Sem isso, governo Bolsonaro pode fracassar, por melhor que sejam seus projetos de reforma e programa
Concluída no domingo a montagem de sua equipe de 22 ministros e diplomado ontem pelo Tribunal Superior Eleitoral (TSE), o presidente eleito Jair Bolsonaro prepara-se para se submeter ao teste de vida real a partir de 1º de janeiro. Até a etapa vencida ontem, pode-se dizer que foi bem-sucedido, ao construir um ministério com dois fortes pilares, as duas superpastas da Economia e da Justiça e Segurança Pública.
Acerta, de fato, ao criar ministérios robustecidos, para enfrentar dois focos de sérias dificuldades para o Estado e a sociedade: o desajuste fiscal, gerado e mantido por uma previdência desajustada em relação ao estágio demográfico brasileiro, e ainda responsável por privilégios de castas incrustadas na máquina burocrática; e a longa crise de segurança pública, que chega a ameaçar o próprio estado democrático de direito.
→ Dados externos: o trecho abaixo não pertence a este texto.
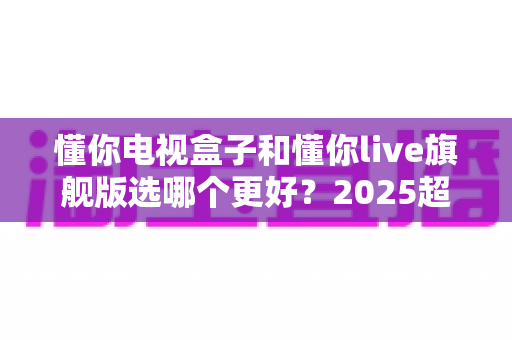 懂你电视盒子和懂你live旗舰版选哪个更好?2025超全对比评测与选购避坑指南 懂你电视盒子和懂你live旗舰版选哪个更好?2025超全对比评测与选购避坑指南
Além disso, a pasta tratará da corrupção instalada no Estado por meio do conluio entre políticos e grandes empreiteiros, mas já sendo reprimida pelas instituições, embora haja mesmo a necessidade de ajustes na legislação, não só para evitar retrocessos no que já foi feito, mas também a fim de se avançar na prevenção. São corretas as escolhas do economista Paulo Guedes e do juiz Sergio Moro para os ministérios.
Por uma dessas coincidências, Bolsonaro repete o primeiro governo Lula (2003-2006), quando o petista montou uma equipe econômica à altura da crise daquele momento, causada pelo temor com a chegada do PT ao Planalto, o que provocou uma corrida contra o real. Com Antonio Palocci no Ministério da Fazenda, o Banco Central presidido por Henrique Meirelles, e Joaquim Levy na Secretaria do Tesouro, a situação foi contornada, a inflação saiu da zona dos dois dígitos, e o PIB voltou a crescer.
Bolsonaro, como Lula, se equivoca em algumas nomeações de inspiração ideológica. A entrega do Ministério das Relações Exteriores para o jovem embaixador Ernesto Araújo, defensor de Trump em textos na rede social e publicações acadêmicas, cria preocupações com a necessidade de o Brasil não estabelecer alinhamentos automáticos, mais ainda no momento em que Estados Unidos e China, os dois maiores parceiros comerciais do país, estão em uma guerra de tarifas.
Há preocupação também com o MEC, para o qual irá Ricardo Vélez Rodrígues. Apoiado pela bancada evangélica, Vélez tem o árduo trabalho de executar projetos de melhoria da qualidade da educação pública básica. Será imperdoável perda de tempo tentar implementar o projeto ultraconservador do Escola Sem Partido, estreitando os espaços para o aprendizado e a circulação livre de ideias nas salas de aula.
Qualquer equipe ministerial pode receber críticas pontuais. No caso de Bolsonaro, por enquanto a grande falha é a ausência de definição de quem fará o meio-campo de mediação política entre governo e Congresso. Pode ser que um presidente vindo do baixo clero da Câmara carregue alguns vieses. Eles são visíveis em escolhas ministeriais, mas isto não tira a responsabilidade de Bolsonaro de trabalhar para que haja um terreno aplainado para facilitar o entendimento com deputados e senadores.
O presidente eleito faz bem em vetar conchavos fisiológicos. A questão é como executar negociações com base em projetos, sem toma lá dá cá, e quem as fará. O deputado Onyx Lorenzoni (DEM-RS), da futura Casa Civil, transita neste terreno. Outros podem ajudá-lo. Importante é haver logo uma definição, também para evitar que haja zonas cinzentas em que filhos do futuro presidente também atuem como negociadores apenas por terem uma credencial genética. Neste caso, estarão criadas as condições para crises políticas palacianas, num governo que precisa agir rápido, para executar reformas, a da Previdência em primeiro lugar.